I am printing this post for encouragement to keep on keeping on to REAL love!

Susan

carrie said...

"showing up in your own life."

It's amazing the roles we play. I don't think it is completely avoidable, but even playing the roles ought to be the conscious choice you make, not something are squeezed into by circumstances.

If I hide part of myself I want it to be a choice, maybe because some parts of me are just mine, or are just mine and my husband's. It's no good if I hide parts due to fear, but okay, I think, if I hide parts because I choose to compartmentalize my life. As in "this person doesn't need to know everything about me."

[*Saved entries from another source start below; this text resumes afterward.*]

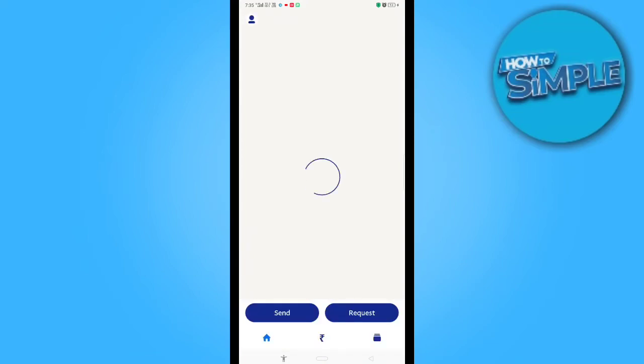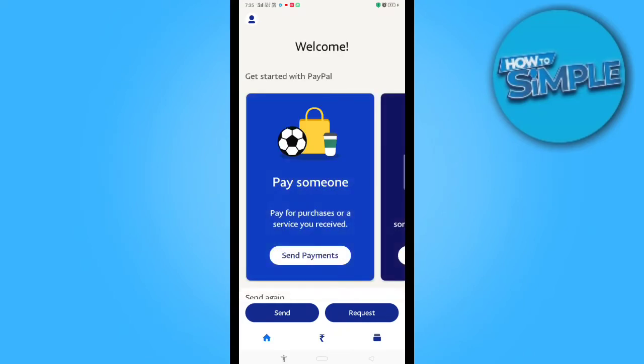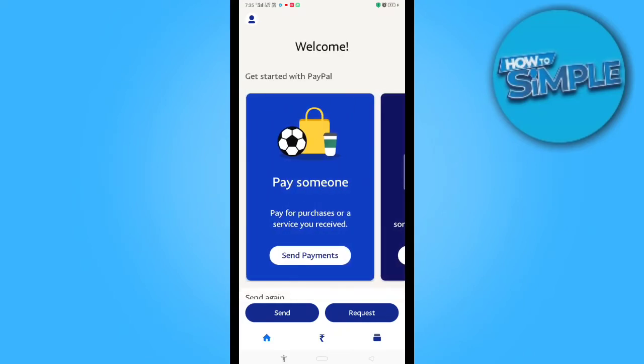I will just click on the top left corner of my PayPal account.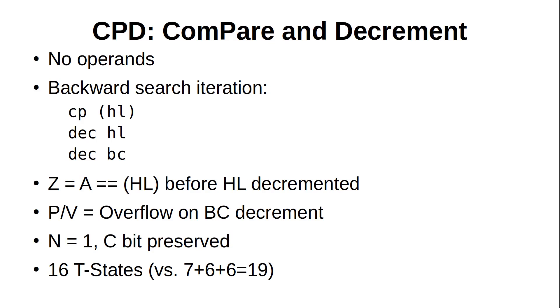If you need to do a backward search instead, you can use the CPD instruction to do a compare and decrement. It works the same as CPI, except that HL is decremented. This means that if the value is found, then the Z bit is set and the address in HL is 1 byte behind it. Just like CPI, CPD is only really useful in a loop.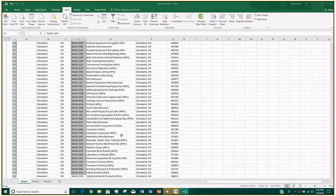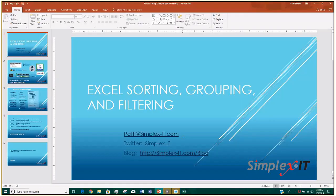All right, well that's all I wanted to show you today — sorting, filtering, and grouping with subtotals. That concludes our webinar. Thanks everyone, bye!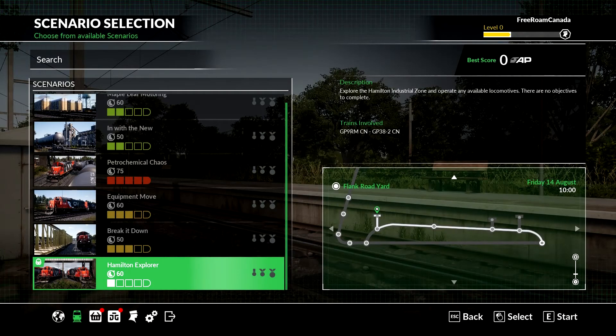Steam's got their summer sale on, and I picked up the Train Sim World Oakville subdivision. And we can see on our screen one of the offerings is the Hamilton Explorer.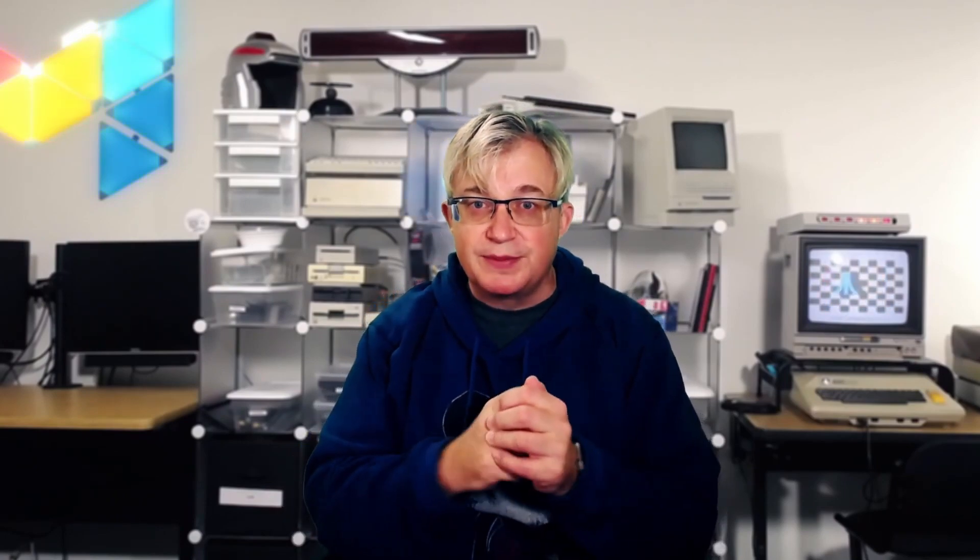A lot of the concepts I'm going to be talking about today I've already talked about in two other Google Slides videos. I'm going to have links to them down in the description.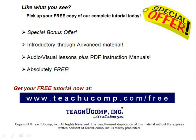Like what you see? Pick up your free copy of the complete tutorial at www.teachucomp.com forward slash free.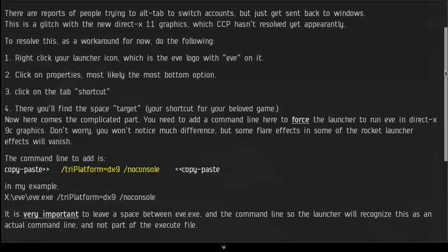So how you do that is, you right click your launcher icon, and that's the EVE logo. You click on the properties, and that's most likely the most bottom option.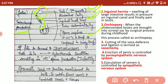Now, cryptorchidism is a condition that occurs when the testis fails to descend into the scrotal sac in the seventh month. This results in no formation of sperm and hence infertility. This condition can be corrected by orchiopexy, in which the undescended testis is brought into the scrotal sac by a surgical process during childhood.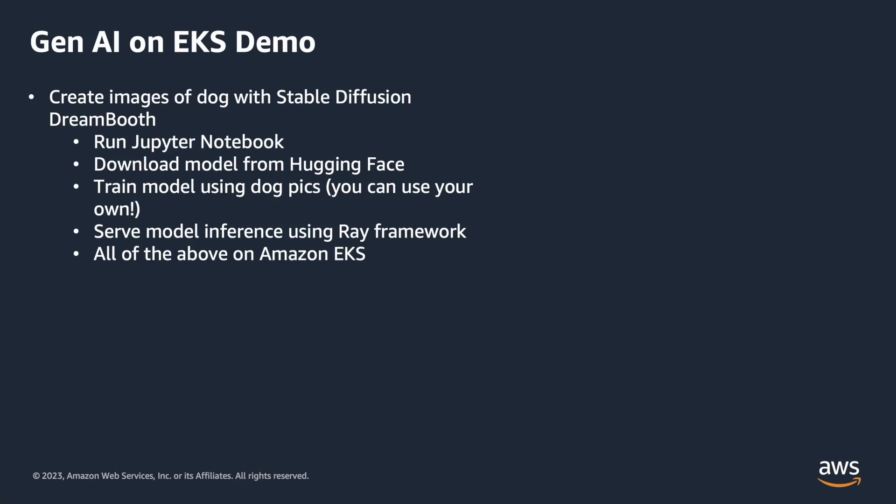Hi, today we're going to be using Gen AI on EKS. We'll be creating images of a dog with stable diffusion using Dreambooth.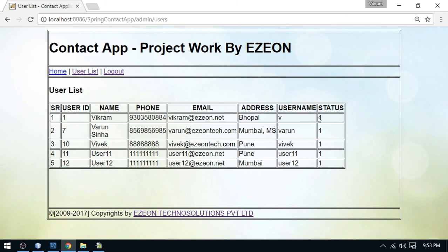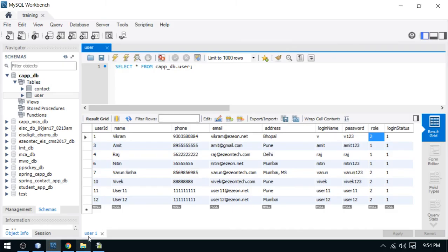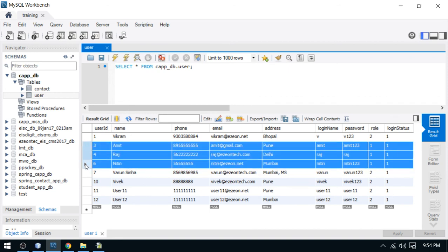The status shows as 1, where 1 stands for active — we'll change this to readable labels like 'active' and 'blocked' in the next video. You can observe that administrators are not listed here. Checking the database, users Amit, Amit Raj, and Nitin are not present in the list because they are administrators — only role-two general users are shown. That's enough for this discussion. If you have any queries, ask in the comments, subscribe for more updates, and see you in the next video.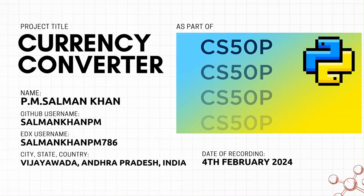Hi everyone, Hello CS50 and fellow learners. I am Salman Khan, the project title is Currency Converter. This project has been done as part of CS50 Python, the date of recording is 4th February 2024.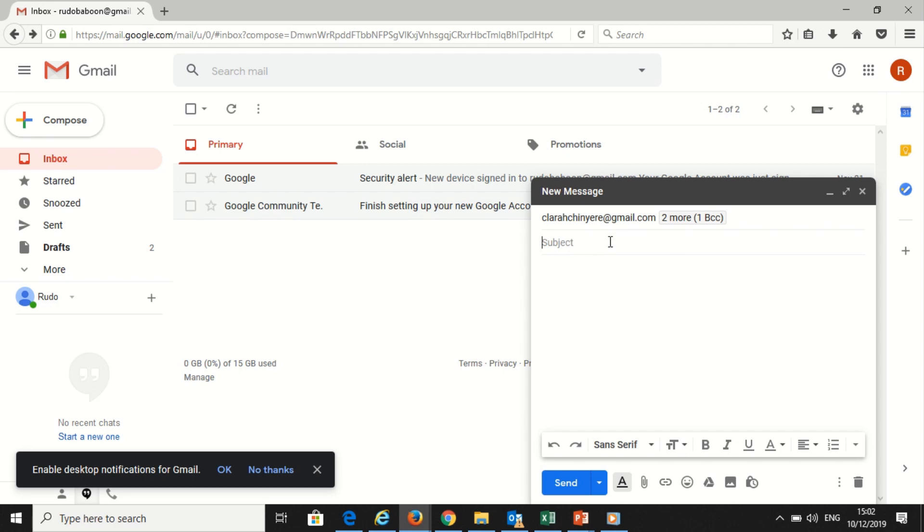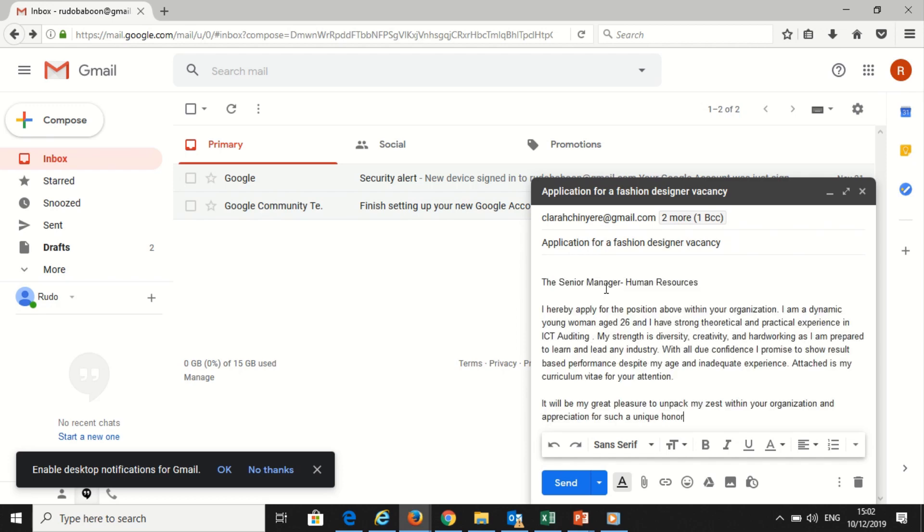When a message is blind carbon copied, neither the main recipient nor the blind carbon copied recipients can see the addresses in the 'BCC' field. Blind carbon copying is a useful way to let others see an email you send without the main recipient knowing.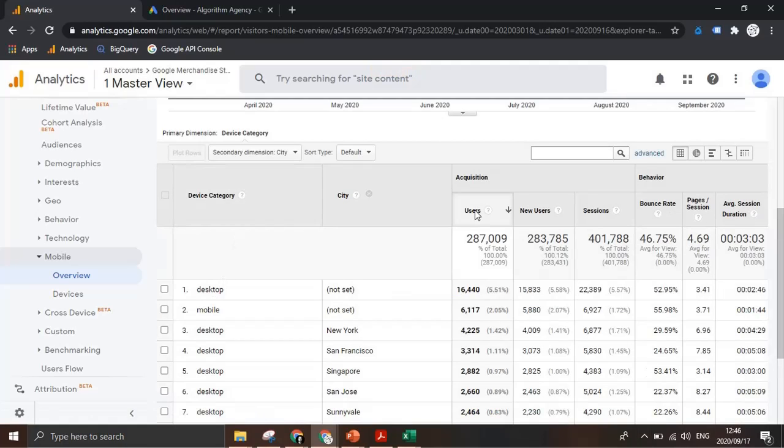And that's how you make use of secondary dimensions to get a deeper level of insight in your data.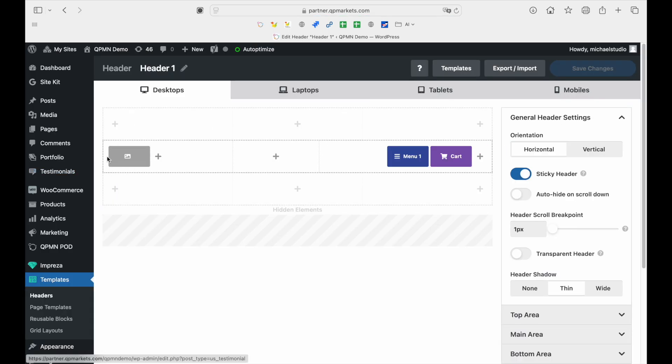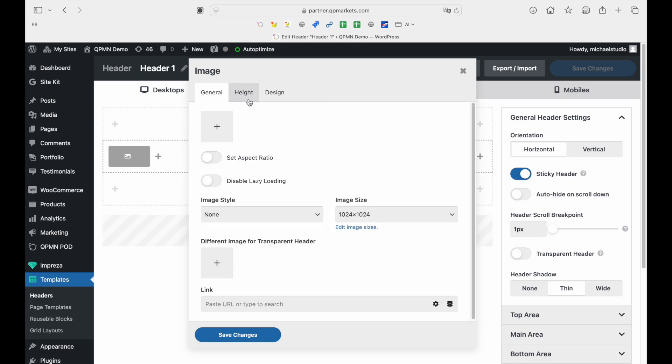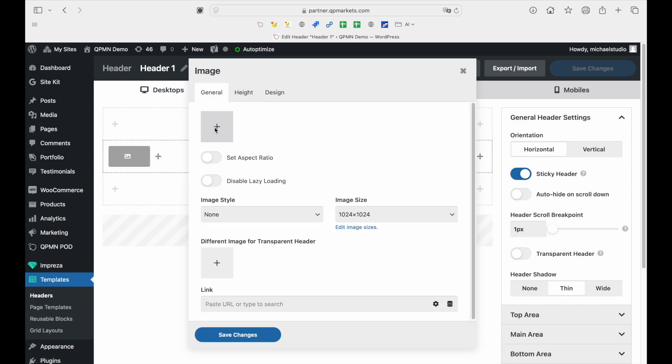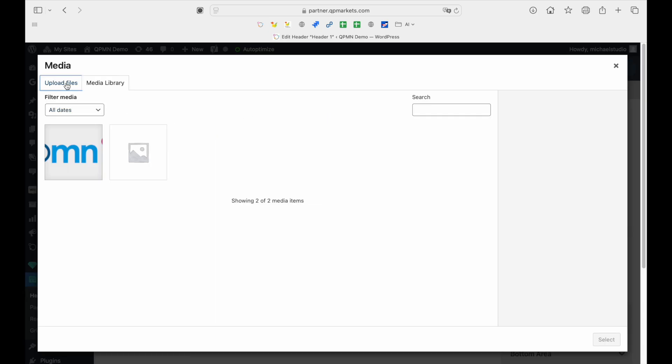Next, look for the pen icon on the left hand side and give it a click. This will allow you to upload your new logo.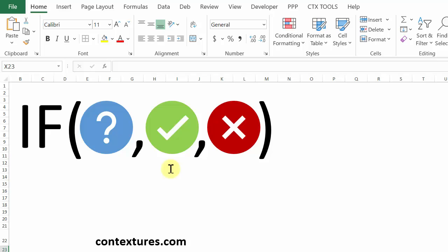With the IF function in Excel, you can test something. If the result is true, show one answer. And if the result is false, show a different answer.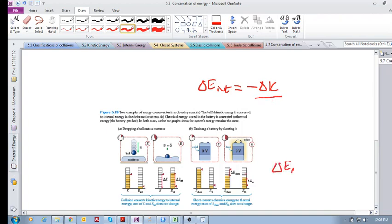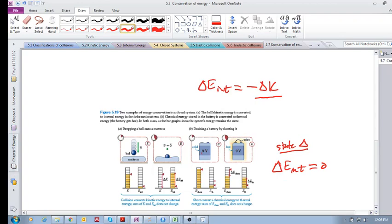For example, consider a battery that is draining. It has high chemical internal energy and as it drains through a wire, it increases in temperature. The state has changed, but there's been no net change in internal energy within the system — the chemical energy lost has been added to the thermal energy gained. Both are forms of internal energy, so the state changed but ΔE_internal is zero, which means ΔK is also zero.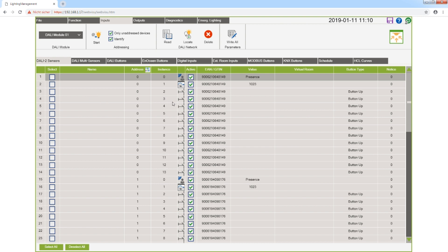I have addressed the sensors before by clicking on start. Every DALI 2 device gets its own individual address, and the functions are listed with instance numbers. We recommend as usual maximum 16 sensors per DALI line with 64 instances.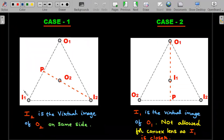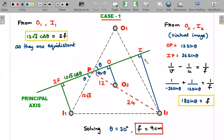So only Case 1 is valid — one of the objects is at the centroid. Now let's enlarge the Case 1 diagram to solve further. You can see the same diagram with additional details. The optical center P is located at the intersection of lines O1-I1 and O2-I2. I've drawn an arbitrary green line through P as the assumed direction of the principal axis.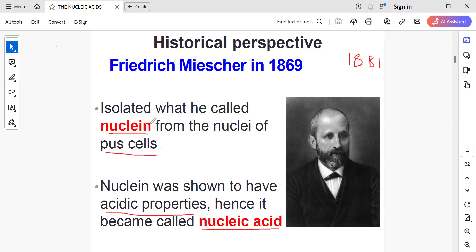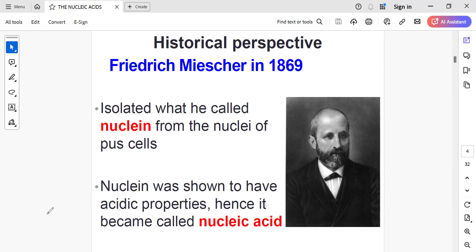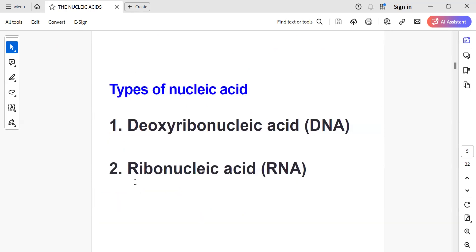It was first named nuclein, then isolated from the cell, and because of its acidic properties, it was later named nucleic acids. This acidic property was demonstrated by Robert Kossel in the year 1881. The nucleic acids are of two types: deoxyribonucleic acid, abbreviated as DNA, and ribonucleic acid, abbreviated as RNA.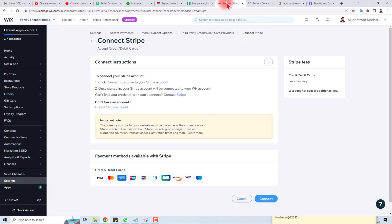So this is the way how to connect Stripe payment gateway into your website. Thank you very much for watching this tutorial. Keep watching the next one.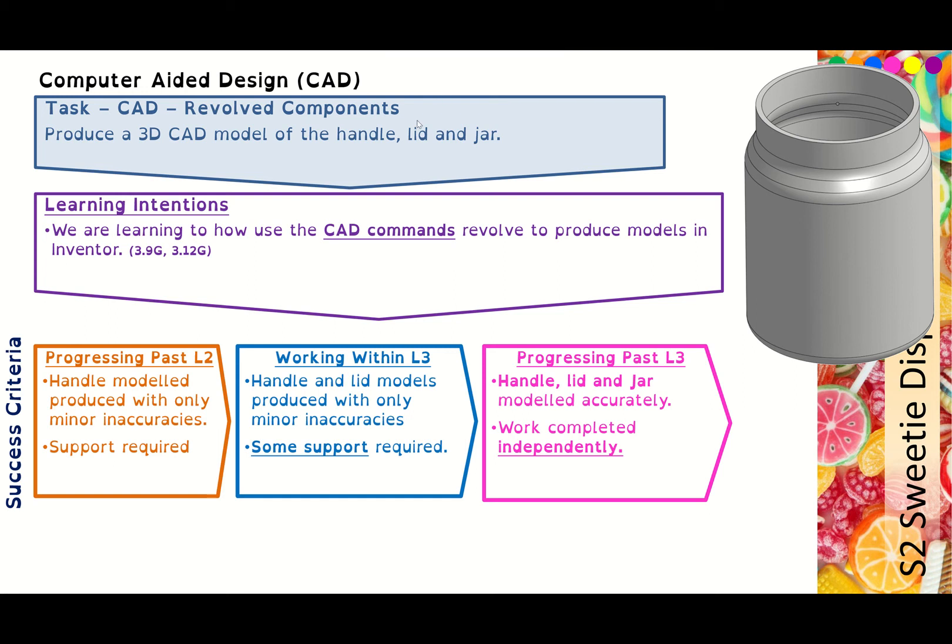In this second tutorial on Revolve Components, we're going to be looking at the lid for the jar. So we'll jump into Onshape.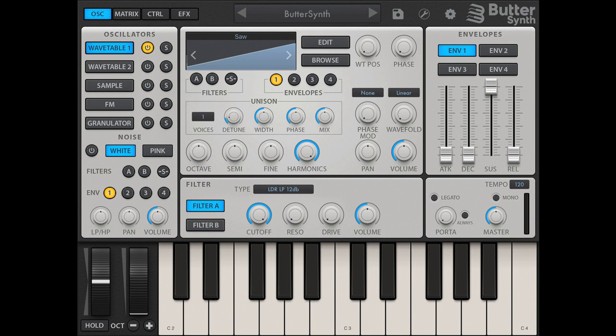Buttersynth is a hybrid 6-oscillator wavetable/FM/sample-based AUv3 and stand-alone synthesizer with a vast sonic range, from gentle pads to screaming leads and bass lines. Mix any combination of wavetable, FM, sample, and granular synthesis engines for one massive sound.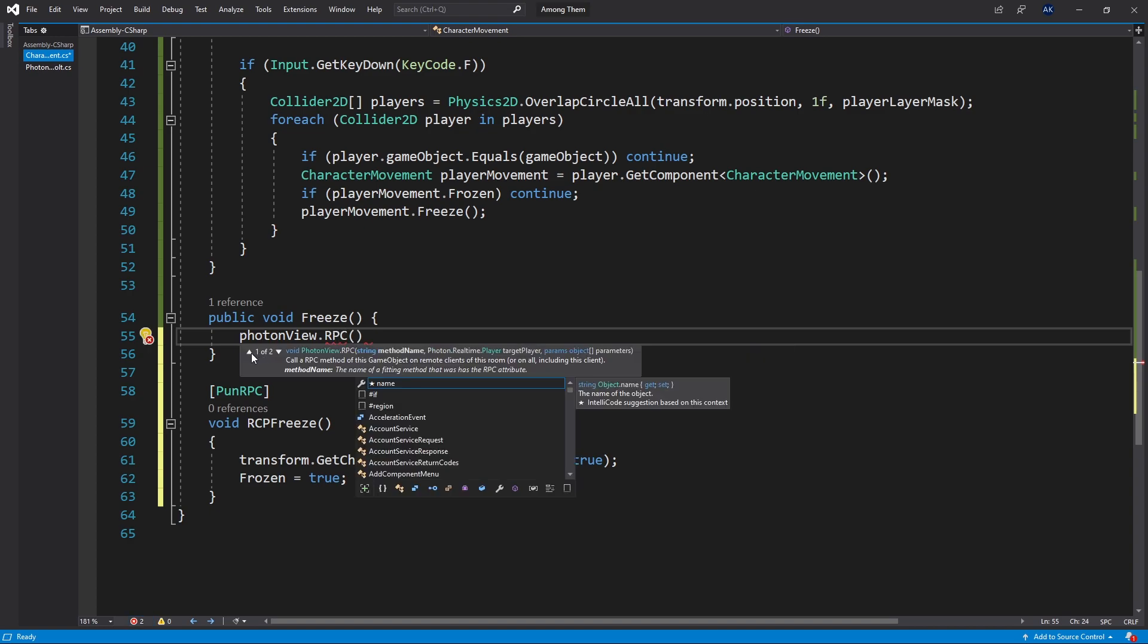There are two options that we have here and it's the target difference. So we can do RPC target or target specific player but I'm going to use the RPC target. First thing that I need to pass is the method name.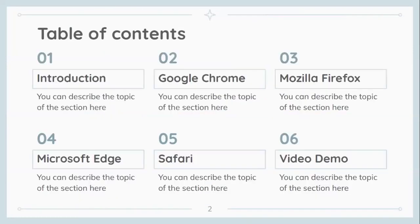So, table of contents: introduction, and then we're going to be talking about Google Chrome, Mozilla Firefox, Microsoft Edge, Safari, and a video demo.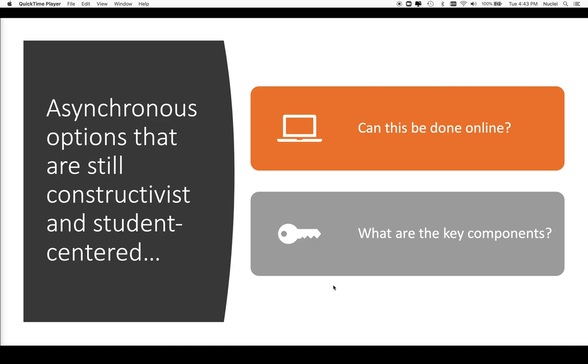Okay, the question is can we use digital options to still be constructivist and student-centered? Constructivist meaning that we're allowing the students to construct their own understanding, and student-centered meaning the students are directly involved in their learning process. And I would argue that yes, we can use all kinds of digital tools to do this online. So I'm going to show you some of those tools or a way to set up your class with some of those tools that can help you do this.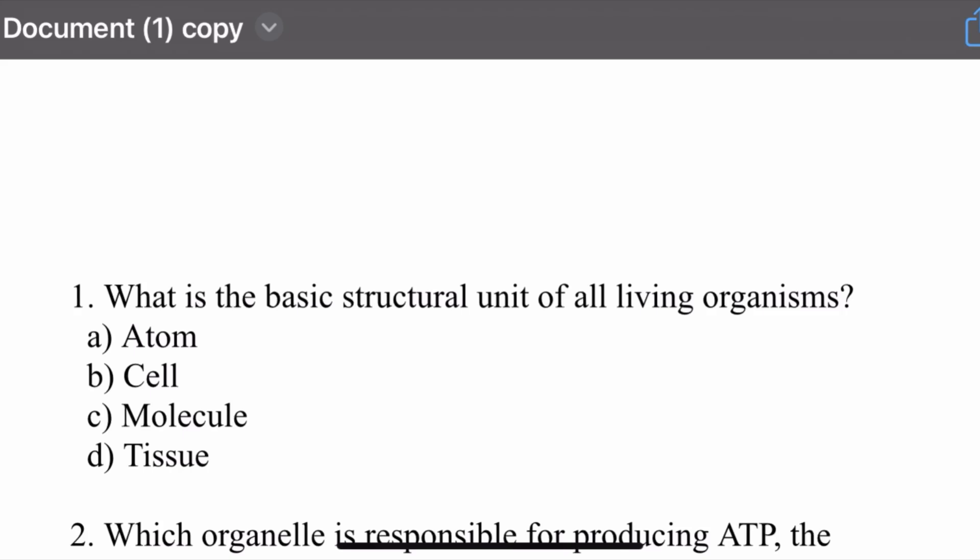Assalamu alaikum, hope you all are fine. Today we are going to discuss some important MCQs of cell biology.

Thank you. Every time I read your blog I come away with new insights into me. Maybe into you, too, but I'm basically a selfish person, so I think about me, first.

I'm blessed with more than one person in my life I can trust with "authentic me." How great is that? When life serves up another "you're a failure" moment, I try to remember this. What a gift. (You're one of those gifts, btw.)

Tracey said...

Wonderful. It makes me think of a Mary Oliver poem, 'The Journey'.

One day you finally knew
what you had to do, and began,
though the voices around you
kept shouting
their bad advice—

http://www.poetryconnection.net/poets/Mary_Oliver/3124

Unknown said...

I love that poem. Perfectly fitting. Thanks.